Fallimento-lumaca, il creditore ha diritto all’indennizzo anche se la somma è modesta e difficile da recuperare
Sì all’equo indennizzo per il processo-lumaca della
sezione fallimentare del Tribunale, anche se la somma “incriminata” è
modesta e ci sono scarse probabilità di recuperarla tutta. Intanto, in
tempi di dibattito sul “processo breve”, il creditore muore aspettando
la sentenza sul fallimento: l’erede ha comunque diritto a una
riparazione commisurata al minimo degli standard indicati dalla Corte
europea dei diritti dell’Uomo. È quanto emerge dalla sentenza 24360/09
della Cassazione.
Il caso
Materia del contendere è un
credito chirografario, dunque non assistito da alcuna garanzia:
l’importo ammesso al passivo è di oltre 36 milioni di lire ma i giudici
prevedono un soddisfacimento limitato al 15 per cento. Una somma
modesta, insomma. Eppure il patema d’animo di chi aspetta a lungo la
fine del giudizio va indennizzato ugualmente. La procedura
fallimentare, nella specie, è complessa: la durata ragionevole è
fissata in sette anni, ma ne restano fuori altri cinque e mezzo. È
errato sostenere che il ritardo nel conseguire la somma “incriminata”

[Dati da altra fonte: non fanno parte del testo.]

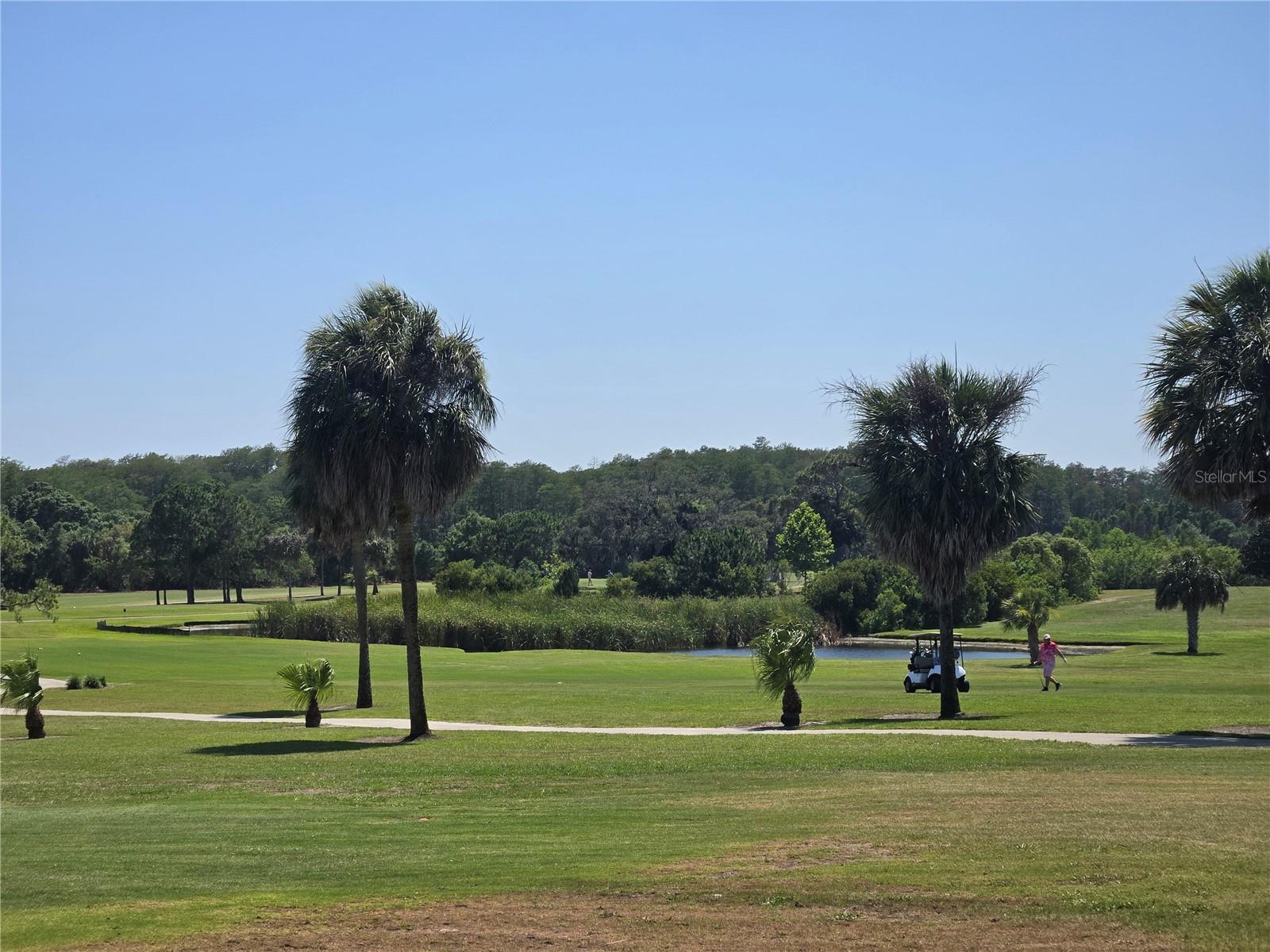RIVER VILLAGE - Residential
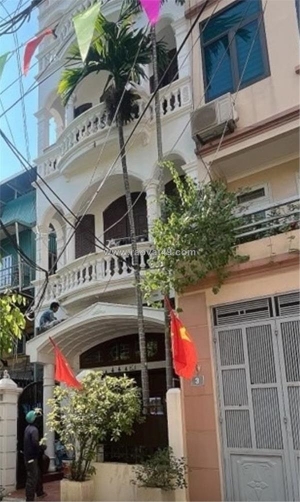 Bom tấn thụy phương - nhà có sân chơi gần 1000m² - ô tô đỗ, kinh doanh dòng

non creerebbe «significative sofferenze» al creditore, cui nelle more
subentrano gli eredi. È vero: una motivazione valida per cui il giudice
italiano, nella determinazione del danno non patrimoniale, può
discostarsi dalle decisioni della Corte dei diritti è che nei processi
esecutivi, sia individuali sia concorsuali, la posizione di ciascuna
parte è differente dalle altre: bisogna vedere quanto incide il credito
sul patrimonio del creditore. Ma la riparazione liquidata deve
conservare una relazione «ragionevole» con il range di 1.000-1.500 euro
per ogni anno di ritardo indicato dai giudici di Strasburgo.